Sì, il collegamento propone una parafrasi del testo in lingua spagnola:


> A las otras mujeres les irrita que imponga su manera de pensar y, a sus  espaldas , la llaman “¡Sarmentosa por calentura de varón!” porque no  tiene un hombre a su lado aunque lo está deseando.


Però qual è il significato in italiano?
Ammosciata dalla febbre da maschio? Debole e in calore?


----------



## 0scar

Entiendo que significa áspera, no simpática.


----------



## chlapec

Propongo: "scontrosa dalla voglia di maschio" "scontrosa perché vogliosa di maschio"


----------



## Neuromante

Sarmiento:
Vástago de la vid, largo, delgado, flexible y nudoso.


En este contexto (Es decir "Lorca") significa "antipática"

Lo de la falta de hombre es cosa de las demás mujeres, que dicen que su carácter es por ese motivo.  Lorca adoraba usar palabras con el significado _cogido por los pelos_, por eso se usa tanto en los colegios para los comentarios de texto, porque hay que hacer un esfuerzo para saber a qué se refiere.

En este caso, significa sólo que tiene un carácter lleno de nudos y que su físico recuerda a un sarmiento.

Siendo Lorca dudo que haya una palabra para traducirlo al italiano. Ya digo que normalmente se traduce al español, su lenguaje es muy colorido y "del pueblo", aunque el pueblo nunca haya hablado así.


----------



## Tomby

Angel.Aura said:


> Sì, il collegamento propone una parafrasi del testo in lingua spagnola:
> Però qual è il significato in italiano?
> Ammosciata dalla febbre da maschio? Debole e in calore?


In spagnolo attuale, di Spagna, è "_amargada_" però io non so si questa parola si corrispondi "amareggiata" [letteralmente].
Altre parole spagnole sono "_áspera_" o "_antipática_" come ha detto Oscar.
Saluti.
TT.


----------



## demony

si potrebbe tradurre come ''zitella acida''? o è troppo forte come espressione?


----------



## Tomby

demony said:


> Si potrebbe tradurre come ''zitella ácida'' o è troppo forte come espressione?
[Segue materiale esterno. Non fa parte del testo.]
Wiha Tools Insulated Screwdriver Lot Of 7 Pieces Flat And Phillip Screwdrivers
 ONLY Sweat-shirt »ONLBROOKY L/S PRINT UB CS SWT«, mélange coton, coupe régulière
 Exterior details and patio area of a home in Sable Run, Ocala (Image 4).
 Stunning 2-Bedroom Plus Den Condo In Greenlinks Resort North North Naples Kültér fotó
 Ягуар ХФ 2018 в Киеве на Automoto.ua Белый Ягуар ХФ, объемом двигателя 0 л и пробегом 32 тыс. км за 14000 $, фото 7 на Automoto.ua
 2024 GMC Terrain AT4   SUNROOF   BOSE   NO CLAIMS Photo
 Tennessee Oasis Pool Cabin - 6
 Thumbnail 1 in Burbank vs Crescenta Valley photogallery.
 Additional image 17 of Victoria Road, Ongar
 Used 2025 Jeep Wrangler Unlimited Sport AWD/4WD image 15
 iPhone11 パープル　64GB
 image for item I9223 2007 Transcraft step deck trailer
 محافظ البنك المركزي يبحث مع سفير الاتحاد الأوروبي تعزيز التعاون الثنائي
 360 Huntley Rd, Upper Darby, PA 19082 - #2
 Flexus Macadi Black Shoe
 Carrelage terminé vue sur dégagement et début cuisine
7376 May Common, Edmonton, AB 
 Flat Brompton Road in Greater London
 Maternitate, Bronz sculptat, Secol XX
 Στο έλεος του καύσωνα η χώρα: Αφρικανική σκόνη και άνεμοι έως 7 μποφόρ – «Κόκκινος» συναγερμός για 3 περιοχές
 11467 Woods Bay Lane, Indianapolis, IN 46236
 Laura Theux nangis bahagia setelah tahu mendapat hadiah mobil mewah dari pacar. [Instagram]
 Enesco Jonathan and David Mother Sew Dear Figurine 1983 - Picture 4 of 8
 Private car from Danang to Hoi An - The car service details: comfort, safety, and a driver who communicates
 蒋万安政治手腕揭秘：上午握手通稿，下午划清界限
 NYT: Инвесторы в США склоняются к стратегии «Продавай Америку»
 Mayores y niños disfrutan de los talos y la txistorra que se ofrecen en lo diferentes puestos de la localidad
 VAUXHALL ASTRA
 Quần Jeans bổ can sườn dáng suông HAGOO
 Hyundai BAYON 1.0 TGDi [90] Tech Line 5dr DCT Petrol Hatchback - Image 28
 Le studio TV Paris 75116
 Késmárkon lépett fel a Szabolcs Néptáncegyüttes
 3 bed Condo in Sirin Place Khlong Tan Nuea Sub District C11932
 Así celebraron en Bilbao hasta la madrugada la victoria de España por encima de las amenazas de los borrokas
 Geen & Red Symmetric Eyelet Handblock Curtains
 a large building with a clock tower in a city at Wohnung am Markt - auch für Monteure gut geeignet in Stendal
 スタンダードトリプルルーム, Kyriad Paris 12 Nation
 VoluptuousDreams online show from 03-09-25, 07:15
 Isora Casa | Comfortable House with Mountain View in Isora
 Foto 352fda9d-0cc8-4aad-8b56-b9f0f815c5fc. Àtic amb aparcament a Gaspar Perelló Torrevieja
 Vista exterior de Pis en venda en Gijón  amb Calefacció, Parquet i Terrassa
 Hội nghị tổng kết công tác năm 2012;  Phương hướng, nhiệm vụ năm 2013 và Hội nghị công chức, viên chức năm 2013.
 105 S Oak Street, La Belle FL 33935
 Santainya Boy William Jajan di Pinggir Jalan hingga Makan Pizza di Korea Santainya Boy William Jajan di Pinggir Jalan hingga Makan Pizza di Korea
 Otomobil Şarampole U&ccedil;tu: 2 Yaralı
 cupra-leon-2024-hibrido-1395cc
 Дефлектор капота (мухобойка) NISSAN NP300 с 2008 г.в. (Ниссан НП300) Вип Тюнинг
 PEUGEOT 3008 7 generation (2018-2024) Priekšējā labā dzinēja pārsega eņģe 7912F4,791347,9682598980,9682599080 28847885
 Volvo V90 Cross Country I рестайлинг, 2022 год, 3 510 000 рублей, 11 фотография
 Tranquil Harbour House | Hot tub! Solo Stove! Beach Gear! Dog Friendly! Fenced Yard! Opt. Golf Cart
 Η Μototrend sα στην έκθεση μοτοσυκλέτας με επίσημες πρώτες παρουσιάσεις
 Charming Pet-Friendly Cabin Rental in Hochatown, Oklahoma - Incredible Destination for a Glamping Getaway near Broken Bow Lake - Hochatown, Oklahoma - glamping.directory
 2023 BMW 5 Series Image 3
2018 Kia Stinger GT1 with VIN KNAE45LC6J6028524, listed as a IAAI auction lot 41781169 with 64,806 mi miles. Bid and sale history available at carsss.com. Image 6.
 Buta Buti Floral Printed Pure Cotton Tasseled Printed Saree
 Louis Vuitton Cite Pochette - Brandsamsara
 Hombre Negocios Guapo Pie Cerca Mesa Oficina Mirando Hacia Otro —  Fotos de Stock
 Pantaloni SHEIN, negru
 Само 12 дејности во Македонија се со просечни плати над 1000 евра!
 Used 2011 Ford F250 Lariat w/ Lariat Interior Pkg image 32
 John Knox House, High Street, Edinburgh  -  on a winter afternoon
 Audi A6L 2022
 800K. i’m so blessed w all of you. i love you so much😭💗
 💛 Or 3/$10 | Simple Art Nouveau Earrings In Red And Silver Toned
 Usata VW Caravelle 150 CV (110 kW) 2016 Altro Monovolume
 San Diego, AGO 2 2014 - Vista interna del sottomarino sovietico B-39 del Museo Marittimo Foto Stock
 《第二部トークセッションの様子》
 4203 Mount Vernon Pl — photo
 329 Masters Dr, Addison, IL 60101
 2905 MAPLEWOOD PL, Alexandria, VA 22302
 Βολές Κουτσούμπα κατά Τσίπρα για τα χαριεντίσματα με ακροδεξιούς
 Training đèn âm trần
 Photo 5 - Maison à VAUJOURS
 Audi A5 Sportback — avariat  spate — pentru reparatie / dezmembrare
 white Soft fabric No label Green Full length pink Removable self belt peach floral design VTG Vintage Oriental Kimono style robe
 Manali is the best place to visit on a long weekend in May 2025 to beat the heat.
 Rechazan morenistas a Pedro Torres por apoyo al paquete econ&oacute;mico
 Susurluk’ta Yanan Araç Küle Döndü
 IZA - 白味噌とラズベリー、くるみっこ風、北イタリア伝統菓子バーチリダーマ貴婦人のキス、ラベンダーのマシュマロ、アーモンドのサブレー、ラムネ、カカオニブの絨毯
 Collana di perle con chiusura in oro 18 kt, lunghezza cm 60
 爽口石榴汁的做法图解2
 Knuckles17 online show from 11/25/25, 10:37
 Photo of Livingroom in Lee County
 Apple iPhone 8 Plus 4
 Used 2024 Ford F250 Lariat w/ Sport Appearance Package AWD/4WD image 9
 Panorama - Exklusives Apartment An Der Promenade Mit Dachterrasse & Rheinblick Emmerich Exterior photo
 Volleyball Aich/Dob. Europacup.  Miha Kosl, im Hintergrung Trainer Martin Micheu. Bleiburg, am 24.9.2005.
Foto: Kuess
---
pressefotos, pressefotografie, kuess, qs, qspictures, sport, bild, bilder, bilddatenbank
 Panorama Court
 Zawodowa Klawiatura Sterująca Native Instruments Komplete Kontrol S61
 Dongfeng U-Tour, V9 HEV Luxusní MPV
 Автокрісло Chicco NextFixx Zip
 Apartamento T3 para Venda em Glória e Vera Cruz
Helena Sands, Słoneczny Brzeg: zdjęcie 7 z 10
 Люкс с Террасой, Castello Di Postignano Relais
No existe zitella en español.


----------



## demony

''zitella'' quiere decir ''solterona''..


----------



## Neuromante

No puede traducirse como "zitella", que por otra parte sería más suave como contenido, aunque más brusca como expresión.
No se puede porque el original no hace ninguna alusión a la edad, así que puede referirse perfectamente a una mujer de 25 años, aunque lo dudo.



Tombatossals: No existe en el diccionario de la DRAE, que es otra cosa.


----------



## Tomby

Neuromante said:


> Tombatossals: No existe en el diccionario de la DRAE, que es otra cosa.


No existe en el Diccionario de la RAE porque no es palabra española. Cick.


----------



## Neuromante

Tombatossals said:


> No existe en el Diccionario de la RAE porque no es palabra española. Cick.



Me expliqué mal. Lo que quería hacer ver es que el hecho de que no aparezca en el diccionario no implicaría que no exista, hay miles de ejemplos. 
Pero, por supuesto que que zitella no es una palabra española


----------



## honeyheart

Tombatossals said:


> No existe zitella en español.


Pero recordemos que demony busca una traducción del español al italiano.


----------



## Tomby

honeyheart said:


> Pero recordemos que demony busca una traducción del español al italiano.


¡Cierto! Pero yo entendí lo contrario:


> si potrebbe tradurre come ''zitella acida''? o è troppo forte come espressione?


... y me precipité en la respuesta.


----------